What to work on → Everything from the line holding "Tiny photo for" through the last line below is needed; please reproduce those lines exactly, adding nothing.

---------- Dataset extract ----------

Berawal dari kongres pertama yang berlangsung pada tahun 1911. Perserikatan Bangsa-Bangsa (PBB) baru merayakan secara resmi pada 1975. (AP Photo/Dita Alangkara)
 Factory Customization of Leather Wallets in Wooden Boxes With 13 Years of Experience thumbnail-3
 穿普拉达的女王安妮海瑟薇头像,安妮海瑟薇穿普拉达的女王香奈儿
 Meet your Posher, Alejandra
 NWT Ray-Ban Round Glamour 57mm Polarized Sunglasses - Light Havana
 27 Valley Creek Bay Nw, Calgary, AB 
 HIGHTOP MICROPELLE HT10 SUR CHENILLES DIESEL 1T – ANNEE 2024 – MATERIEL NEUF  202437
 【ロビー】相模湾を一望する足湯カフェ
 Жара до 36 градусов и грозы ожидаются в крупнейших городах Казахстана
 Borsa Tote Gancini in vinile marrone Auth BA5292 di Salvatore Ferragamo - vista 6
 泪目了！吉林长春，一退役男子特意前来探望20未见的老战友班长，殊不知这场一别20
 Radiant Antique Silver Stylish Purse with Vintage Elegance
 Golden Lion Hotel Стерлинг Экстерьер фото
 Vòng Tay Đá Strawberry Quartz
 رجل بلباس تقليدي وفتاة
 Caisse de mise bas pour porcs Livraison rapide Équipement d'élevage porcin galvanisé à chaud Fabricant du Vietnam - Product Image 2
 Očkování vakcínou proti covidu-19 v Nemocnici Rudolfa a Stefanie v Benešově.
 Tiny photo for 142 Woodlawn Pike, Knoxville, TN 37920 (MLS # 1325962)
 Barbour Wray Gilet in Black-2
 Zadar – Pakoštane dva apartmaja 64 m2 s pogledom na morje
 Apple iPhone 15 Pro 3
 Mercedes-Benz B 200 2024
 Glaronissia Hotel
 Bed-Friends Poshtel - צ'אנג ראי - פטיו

----------

Task result →
 Tiny photo for 142 Woodlawn Pike, Knoxville, TN 37920 (MLS # 1325962)
 Barbour Wray Gilet in Black-2
 Zadar – Pakoštane dva apartmaja 64 m2 s pogledom na morje
 Apple iPhone 15 Pro 3
 Mercedes-Benz B 200 2024
 Glaronissia Hotel
 Bed-Friends Poshtel - צ'אנג ראי - פטיו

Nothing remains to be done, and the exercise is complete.